● **What to produce**
Beginning with the first line, please repeat the entries exactly and end on the line that contains "Beautiful Redish Orange".

(Short descriptive text snippets)
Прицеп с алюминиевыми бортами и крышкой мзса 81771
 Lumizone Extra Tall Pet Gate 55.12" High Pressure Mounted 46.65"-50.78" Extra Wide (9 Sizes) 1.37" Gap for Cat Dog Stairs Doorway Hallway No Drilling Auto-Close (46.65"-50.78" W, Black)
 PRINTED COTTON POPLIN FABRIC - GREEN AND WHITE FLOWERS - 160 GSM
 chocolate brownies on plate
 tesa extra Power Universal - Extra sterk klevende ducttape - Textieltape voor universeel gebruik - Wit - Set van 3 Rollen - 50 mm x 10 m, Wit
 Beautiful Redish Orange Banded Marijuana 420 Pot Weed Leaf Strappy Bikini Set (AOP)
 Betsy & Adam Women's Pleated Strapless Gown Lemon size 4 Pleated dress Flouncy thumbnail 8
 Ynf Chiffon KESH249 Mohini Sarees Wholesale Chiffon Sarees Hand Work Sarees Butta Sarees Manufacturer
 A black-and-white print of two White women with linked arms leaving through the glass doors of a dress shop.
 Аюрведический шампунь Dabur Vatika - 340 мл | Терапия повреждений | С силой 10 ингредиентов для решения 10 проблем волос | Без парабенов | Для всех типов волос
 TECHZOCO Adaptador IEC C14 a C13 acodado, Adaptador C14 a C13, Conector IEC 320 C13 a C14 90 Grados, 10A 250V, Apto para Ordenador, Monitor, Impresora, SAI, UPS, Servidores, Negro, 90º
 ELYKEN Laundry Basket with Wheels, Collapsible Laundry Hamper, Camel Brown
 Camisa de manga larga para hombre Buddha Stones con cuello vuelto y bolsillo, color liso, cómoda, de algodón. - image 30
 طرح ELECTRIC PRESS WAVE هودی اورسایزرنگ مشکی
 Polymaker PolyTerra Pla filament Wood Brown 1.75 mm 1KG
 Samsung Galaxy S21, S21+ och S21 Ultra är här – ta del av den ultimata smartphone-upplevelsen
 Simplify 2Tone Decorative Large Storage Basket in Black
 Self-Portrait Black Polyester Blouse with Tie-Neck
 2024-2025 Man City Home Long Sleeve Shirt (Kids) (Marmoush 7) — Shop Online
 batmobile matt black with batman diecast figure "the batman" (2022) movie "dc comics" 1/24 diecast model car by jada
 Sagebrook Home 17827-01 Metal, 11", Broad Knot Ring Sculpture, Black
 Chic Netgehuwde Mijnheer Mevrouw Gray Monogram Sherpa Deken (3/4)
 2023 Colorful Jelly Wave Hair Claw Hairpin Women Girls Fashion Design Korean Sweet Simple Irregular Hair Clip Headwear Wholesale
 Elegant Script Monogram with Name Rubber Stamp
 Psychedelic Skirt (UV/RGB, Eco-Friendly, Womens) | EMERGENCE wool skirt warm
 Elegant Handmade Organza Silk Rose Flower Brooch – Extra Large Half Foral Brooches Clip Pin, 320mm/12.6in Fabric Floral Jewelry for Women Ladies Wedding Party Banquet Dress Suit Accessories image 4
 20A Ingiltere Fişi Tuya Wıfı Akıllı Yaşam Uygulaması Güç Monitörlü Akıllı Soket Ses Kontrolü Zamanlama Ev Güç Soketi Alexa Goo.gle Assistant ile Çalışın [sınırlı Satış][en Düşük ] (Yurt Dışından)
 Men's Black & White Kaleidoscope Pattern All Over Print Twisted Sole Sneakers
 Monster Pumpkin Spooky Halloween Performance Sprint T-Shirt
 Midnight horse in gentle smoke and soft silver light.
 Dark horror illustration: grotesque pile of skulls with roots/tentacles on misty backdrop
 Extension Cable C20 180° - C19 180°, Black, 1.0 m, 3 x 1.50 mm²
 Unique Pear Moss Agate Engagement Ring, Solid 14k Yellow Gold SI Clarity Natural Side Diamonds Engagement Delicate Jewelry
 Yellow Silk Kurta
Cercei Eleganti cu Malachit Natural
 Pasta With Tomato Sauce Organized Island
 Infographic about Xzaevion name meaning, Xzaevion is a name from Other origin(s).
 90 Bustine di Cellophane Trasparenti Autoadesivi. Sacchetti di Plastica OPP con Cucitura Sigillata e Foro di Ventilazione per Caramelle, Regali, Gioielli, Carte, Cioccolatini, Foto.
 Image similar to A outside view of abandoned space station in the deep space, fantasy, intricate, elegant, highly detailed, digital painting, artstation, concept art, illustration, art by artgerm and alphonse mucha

● **Output of the task**
Прицеп с алюминиевыми бортами и крышкой мзса 81771
 Lumizone Extra Tall Pet Gate 55.12" High Pressure Mounted 46.65"-50.78" Extra Wide (9 Sizes) 1.37" Gap for Cat Dog Stairs Doorway Hallway No Drilling Auto-Close (46.65"-50.78" W, Black)
 PRINTED COTTON POPLIN FABRIC - GREEN AND WHITE FLOWERS - 160 GSM
 chocolate brownies on plate
 tesa extra Power Universal - Extra sterk klevende ducttape - Textieltape voor universeel gebruik - Wit - Set van 3 Rollen - 50 mm x 10 m, Wit
 Beautiful Redish Orange Banded Marijuana 420 Pot Weed Leaf Strappy Bikini Set (AOP)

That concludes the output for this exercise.